§ Exercise input:
#####
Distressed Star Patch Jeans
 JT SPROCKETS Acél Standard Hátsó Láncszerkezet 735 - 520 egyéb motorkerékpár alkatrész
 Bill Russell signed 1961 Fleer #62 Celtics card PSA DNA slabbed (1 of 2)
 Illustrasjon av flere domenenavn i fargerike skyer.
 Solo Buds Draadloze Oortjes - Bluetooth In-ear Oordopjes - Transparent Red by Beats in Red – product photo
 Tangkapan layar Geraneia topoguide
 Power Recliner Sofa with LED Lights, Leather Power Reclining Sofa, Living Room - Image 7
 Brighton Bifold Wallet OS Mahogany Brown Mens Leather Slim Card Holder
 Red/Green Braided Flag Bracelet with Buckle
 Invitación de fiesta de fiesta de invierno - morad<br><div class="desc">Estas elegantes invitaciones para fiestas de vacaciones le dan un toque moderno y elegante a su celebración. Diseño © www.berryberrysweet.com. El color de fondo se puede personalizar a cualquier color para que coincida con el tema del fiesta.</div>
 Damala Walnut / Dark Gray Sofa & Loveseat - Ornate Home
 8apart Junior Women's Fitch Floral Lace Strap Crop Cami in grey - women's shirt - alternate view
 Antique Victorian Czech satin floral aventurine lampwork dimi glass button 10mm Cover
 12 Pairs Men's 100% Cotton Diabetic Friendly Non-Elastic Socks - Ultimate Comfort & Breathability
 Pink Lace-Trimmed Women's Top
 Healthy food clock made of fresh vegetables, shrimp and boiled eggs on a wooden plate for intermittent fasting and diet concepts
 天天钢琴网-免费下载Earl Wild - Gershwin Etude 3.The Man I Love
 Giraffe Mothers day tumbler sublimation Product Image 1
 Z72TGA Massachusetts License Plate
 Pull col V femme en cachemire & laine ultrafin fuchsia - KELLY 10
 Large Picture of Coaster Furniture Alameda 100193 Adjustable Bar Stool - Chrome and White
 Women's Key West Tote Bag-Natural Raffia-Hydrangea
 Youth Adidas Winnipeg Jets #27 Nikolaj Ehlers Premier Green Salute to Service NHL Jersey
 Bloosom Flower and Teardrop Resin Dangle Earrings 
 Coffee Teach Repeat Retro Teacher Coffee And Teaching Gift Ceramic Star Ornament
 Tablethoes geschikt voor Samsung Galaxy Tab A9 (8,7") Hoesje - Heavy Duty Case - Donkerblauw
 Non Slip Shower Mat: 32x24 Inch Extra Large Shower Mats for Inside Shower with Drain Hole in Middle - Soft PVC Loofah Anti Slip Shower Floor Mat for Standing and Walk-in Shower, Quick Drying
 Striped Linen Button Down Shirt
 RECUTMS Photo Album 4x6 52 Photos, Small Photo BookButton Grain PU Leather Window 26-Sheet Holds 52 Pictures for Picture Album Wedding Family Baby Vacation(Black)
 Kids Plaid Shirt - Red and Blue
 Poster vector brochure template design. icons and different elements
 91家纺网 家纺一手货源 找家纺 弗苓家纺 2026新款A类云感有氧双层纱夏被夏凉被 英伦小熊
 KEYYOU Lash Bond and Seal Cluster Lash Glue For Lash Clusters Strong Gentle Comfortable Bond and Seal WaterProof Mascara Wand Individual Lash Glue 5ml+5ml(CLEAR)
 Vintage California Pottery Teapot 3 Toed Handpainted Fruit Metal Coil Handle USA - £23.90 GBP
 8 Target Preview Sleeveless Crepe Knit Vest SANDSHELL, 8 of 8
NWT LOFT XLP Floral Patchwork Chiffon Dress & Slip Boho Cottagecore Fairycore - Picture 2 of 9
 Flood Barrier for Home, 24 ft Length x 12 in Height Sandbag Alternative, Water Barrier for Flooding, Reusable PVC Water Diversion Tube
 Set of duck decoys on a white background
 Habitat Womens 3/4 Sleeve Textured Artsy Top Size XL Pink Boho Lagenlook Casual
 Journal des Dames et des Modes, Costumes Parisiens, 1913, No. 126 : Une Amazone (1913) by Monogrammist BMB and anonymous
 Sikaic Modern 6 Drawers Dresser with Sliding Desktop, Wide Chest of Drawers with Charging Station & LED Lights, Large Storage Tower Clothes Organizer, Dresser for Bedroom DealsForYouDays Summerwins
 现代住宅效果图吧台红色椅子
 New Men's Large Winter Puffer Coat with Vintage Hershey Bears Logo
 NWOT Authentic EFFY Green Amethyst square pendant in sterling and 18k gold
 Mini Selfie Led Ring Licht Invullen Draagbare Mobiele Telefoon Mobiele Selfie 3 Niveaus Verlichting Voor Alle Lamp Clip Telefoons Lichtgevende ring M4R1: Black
#####
§ Instructions to follow: Quote the data above from the line containing "Power Recliner Sofa" to the line containing "Red/Green Braided Flag Bracelet with Buckle", inclusive, and stop.

§ Solution for this problem:
 Power Recliner Sofa with LED Lights, Leather Power Reclining Sofa, Living Room - Image 7
 Brighton Bifold Wallet OS Mahogany Brown Mens Leather Slim Card Holder
 Red/Green Braided Flag Bracelet with Buckle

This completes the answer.